Arınç, IKBY yönetimiyle Türkiye'nin iyi ilişkiler içerisinde olduğunu vurgulayarak, "Bizim Kürt bölgesiyle iyi ilişkimiz var. Irak ile ticaretimiz 20 milyar dolar civarında. Bunun yaklaşık 11 milyar doları Kürt bölgesindedir. Ancak bu, Kürt bölgesiyle olan ilişkilerimizin salt ticaretten ibaret olduğu anlamına gelmez. Güvenlik ve diğer konularda da birlikte çalışmalarımız var" diye konuştu.
Çözüm sürecine de değinen Arınç, silahlı mücadelenin sona ermesi ve barışın tesis edilmesinde, IKBY Başkanı Mesut Barzani'nin olumlu adımlar attığını, bu desteğin devam etmesini temenni ettiğini dile getirdi.
Birlikte attıkları adımların bölge barışı ve güvenliği için önemli olduğunu vurgulayan Arınç, Kürt bölgesi ve Türkiye arasında vizenin kaldırılmasıyla ilgili, "Kürt Bölgesel Yönetimi, bağımsız bir devlet değildir. Bugüne kadar Kürt yönetimiyle birçok anlaşmaya imza attık. Ancak merkezi hükümet bunu sorun yapıyor. Merkezi hükümetin, bu sorunları tek bir muhataba bırakması gerektiğini düşünüyorum" diye konuştu.
Öcalan'ın İmralı Cezaevi'nde daha geniş bir odaya alınmasıyla ilgili soru üzerine Arınç, şu yanıtı verdi:
"Evet. geniş bir yere almışlar. Kanunlara göre, eğer tutuklu bir sene boyunca yerinde uyumlu ise daha sonra iyi bir yere alınır. Bana göre de birisi ceza aldığında onu insanca çekmeli."
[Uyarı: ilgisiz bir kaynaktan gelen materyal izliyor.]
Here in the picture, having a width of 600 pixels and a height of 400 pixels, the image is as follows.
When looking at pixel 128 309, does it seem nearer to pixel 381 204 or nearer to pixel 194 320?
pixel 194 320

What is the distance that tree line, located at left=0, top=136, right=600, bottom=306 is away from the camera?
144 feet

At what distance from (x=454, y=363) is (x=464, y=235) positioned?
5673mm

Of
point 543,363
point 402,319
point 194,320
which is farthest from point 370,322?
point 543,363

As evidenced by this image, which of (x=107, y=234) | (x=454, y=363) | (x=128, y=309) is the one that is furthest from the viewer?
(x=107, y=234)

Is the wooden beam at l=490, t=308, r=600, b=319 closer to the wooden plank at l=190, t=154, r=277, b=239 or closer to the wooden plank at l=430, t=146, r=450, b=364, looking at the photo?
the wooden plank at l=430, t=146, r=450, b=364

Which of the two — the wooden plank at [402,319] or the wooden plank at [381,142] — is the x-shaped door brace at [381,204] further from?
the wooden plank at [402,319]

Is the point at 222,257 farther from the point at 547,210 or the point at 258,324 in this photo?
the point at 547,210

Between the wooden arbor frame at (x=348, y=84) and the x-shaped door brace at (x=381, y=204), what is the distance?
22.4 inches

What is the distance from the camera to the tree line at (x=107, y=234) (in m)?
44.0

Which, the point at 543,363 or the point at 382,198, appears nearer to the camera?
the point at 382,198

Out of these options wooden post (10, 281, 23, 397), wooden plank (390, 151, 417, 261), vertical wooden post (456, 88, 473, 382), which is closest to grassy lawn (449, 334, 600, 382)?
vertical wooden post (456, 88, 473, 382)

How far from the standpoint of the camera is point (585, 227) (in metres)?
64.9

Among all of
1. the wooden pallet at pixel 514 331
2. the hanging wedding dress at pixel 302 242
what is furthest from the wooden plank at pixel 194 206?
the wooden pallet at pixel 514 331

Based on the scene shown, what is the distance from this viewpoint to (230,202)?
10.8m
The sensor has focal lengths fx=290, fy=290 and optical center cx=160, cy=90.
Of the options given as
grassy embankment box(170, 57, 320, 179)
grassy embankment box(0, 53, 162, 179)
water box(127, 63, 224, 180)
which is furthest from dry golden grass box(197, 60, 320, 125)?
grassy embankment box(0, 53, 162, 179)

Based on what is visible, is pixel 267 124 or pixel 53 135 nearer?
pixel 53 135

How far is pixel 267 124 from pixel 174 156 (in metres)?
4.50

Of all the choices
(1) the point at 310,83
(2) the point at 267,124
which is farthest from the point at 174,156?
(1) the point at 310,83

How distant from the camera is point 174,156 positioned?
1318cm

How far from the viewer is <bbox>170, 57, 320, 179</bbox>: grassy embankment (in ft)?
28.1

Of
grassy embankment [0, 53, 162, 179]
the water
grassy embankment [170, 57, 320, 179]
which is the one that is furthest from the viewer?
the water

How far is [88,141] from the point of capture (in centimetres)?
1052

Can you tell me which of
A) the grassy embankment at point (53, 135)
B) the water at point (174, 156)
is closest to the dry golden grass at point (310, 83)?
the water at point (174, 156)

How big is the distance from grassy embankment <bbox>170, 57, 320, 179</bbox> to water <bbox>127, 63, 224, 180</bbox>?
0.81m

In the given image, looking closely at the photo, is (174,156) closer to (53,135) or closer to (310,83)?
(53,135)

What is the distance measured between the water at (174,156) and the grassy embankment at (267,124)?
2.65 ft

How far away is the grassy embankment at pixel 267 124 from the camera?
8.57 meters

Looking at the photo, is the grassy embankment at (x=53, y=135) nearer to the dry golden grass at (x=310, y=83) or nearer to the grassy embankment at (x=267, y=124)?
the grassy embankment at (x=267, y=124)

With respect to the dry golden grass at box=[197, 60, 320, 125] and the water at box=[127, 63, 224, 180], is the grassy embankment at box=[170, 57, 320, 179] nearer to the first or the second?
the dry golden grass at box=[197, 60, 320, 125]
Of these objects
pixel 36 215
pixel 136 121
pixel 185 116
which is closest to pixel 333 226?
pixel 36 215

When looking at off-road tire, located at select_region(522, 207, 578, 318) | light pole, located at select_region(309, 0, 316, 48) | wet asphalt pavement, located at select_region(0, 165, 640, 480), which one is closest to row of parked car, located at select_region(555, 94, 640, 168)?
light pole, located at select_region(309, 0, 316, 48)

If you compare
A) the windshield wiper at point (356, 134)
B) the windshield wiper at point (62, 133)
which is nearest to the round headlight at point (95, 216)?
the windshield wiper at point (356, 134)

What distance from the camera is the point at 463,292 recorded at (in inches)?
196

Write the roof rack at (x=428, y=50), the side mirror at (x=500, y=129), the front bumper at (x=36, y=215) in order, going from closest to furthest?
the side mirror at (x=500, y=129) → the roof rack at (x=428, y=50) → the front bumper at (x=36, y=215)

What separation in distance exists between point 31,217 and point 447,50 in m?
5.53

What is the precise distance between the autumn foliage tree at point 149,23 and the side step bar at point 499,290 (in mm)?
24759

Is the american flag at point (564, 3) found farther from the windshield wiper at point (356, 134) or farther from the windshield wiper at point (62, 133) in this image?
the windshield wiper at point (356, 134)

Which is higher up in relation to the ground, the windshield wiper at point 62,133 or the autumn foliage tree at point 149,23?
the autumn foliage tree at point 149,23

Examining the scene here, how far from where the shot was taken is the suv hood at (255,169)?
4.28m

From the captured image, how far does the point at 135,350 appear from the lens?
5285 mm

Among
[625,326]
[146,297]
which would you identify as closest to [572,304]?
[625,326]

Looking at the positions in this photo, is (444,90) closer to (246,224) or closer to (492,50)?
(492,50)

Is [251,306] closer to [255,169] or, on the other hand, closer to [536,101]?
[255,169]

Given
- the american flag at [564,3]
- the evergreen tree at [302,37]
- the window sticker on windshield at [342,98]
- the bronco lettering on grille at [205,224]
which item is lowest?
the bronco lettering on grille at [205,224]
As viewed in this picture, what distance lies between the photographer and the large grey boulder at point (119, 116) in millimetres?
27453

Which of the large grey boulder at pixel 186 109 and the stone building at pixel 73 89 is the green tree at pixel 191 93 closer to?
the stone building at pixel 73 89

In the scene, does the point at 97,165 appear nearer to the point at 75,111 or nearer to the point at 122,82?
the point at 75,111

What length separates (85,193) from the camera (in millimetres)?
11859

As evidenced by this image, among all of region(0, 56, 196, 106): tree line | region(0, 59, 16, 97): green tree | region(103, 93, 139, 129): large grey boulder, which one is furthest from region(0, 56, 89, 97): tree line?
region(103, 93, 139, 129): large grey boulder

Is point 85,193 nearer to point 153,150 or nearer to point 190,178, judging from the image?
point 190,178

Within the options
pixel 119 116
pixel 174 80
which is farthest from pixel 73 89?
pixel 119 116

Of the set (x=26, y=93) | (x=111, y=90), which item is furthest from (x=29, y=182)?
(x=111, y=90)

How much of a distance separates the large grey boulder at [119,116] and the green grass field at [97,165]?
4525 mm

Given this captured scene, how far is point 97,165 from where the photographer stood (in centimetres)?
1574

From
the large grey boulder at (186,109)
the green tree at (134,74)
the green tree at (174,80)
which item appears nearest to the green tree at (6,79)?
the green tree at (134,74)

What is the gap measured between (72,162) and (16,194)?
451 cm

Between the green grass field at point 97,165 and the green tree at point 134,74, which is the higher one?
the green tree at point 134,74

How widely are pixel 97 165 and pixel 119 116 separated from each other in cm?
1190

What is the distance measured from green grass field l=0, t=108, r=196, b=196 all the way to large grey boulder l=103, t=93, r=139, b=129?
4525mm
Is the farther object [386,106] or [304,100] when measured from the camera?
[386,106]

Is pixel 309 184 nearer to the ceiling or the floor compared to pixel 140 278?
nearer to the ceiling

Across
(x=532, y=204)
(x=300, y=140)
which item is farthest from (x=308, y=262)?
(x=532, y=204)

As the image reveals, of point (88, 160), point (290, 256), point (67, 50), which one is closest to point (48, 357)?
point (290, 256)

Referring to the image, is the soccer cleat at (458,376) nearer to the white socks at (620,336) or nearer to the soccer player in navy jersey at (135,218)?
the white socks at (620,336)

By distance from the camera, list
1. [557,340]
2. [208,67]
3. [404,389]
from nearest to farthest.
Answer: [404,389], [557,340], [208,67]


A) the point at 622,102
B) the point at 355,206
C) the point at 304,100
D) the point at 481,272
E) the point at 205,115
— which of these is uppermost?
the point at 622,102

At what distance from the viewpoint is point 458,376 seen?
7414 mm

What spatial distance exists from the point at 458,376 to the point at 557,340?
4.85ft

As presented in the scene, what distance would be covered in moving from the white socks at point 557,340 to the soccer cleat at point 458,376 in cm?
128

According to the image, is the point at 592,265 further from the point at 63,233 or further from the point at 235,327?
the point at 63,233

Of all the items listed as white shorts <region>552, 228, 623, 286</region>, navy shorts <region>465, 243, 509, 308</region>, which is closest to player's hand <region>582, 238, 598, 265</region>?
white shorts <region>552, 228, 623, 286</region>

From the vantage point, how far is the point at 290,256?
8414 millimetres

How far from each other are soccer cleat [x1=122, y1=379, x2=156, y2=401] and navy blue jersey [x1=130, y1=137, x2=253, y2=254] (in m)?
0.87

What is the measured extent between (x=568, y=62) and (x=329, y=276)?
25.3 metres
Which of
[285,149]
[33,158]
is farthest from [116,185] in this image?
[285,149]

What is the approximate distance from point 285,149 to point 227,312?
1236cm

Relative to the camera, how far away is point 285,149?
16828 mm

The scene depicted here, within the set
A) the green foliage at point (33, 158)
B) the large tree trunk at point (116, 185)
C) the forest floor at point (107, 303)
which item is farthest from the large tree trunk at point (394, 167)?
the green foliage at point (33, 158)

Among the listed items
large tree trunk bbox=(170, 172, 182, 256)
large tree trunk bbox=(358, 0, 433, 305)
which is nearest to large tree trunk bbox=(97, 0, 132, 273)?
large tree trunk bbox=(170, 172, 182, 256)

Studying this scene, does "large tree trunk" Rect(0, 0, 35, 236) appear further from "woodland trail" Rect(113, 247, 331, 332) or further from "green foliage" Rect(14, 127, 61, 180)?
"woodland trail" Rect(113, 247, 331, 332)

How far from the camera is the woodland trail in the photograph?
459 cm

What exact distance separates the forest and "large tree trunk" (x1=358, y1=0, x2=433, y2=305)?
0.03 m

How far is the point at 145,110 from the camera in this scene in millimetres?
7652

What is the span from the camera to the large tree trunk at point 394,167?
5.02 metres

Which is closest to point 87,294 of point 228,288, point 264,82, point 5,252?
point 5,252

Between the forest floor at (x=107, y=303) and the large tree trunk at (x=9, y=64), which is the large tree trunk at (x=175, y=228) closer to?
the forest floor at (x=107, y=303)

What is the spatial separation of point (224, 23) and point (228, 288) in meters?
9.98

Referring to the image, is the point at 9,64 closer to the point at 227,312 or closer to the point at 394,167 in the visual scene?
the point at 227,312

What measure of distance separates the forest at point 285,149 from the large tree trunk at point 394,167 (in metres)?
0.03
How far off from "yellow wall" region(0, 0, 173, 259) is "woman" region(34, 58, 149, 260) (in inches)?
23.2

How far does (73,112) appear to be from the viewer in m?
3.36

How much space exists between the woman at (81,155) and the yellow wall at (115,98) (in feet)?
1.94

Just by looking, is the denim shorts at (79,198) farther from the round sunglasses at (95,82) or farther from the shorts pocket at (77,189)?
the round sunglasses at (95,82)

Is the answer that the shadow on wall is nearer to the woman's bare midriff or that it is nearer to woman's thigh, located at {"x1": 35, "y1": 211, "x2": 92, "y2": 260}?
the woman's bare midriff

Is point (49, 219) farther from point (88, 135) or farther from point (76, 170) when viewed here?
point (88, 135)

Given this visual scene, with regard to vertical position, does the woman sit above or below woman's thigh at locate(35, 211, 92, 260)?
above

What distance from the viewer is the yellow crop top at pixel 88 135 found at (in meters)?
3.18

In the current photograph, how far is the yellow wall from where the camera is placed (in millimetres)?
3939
Arınç, Kürt olup olmadığıyla ilgili soru üzerine, "Aslen Türküm. Ancak Kürt olsaydım da benim için bir şey fark etmezdi. Yine Müslüman bir ailede dünyaya geldiğim için rabbime şükrederdim. Çünkü ben siyasete girdiğim günden itibaren Kürtlerle hep güzel ilişkiler kurdum. Kürtlerin haklarını alması için parlementoda çok mücadele ettim. Çünkü eğer dil varsa insan vardır. Dil yoksa insan da yoktur. Bundan dolayı Kürt halkını kendimiz gibi görüyoruz. Bu da benim için büyük bir onur kaynağıdır" şeklinde konuştu.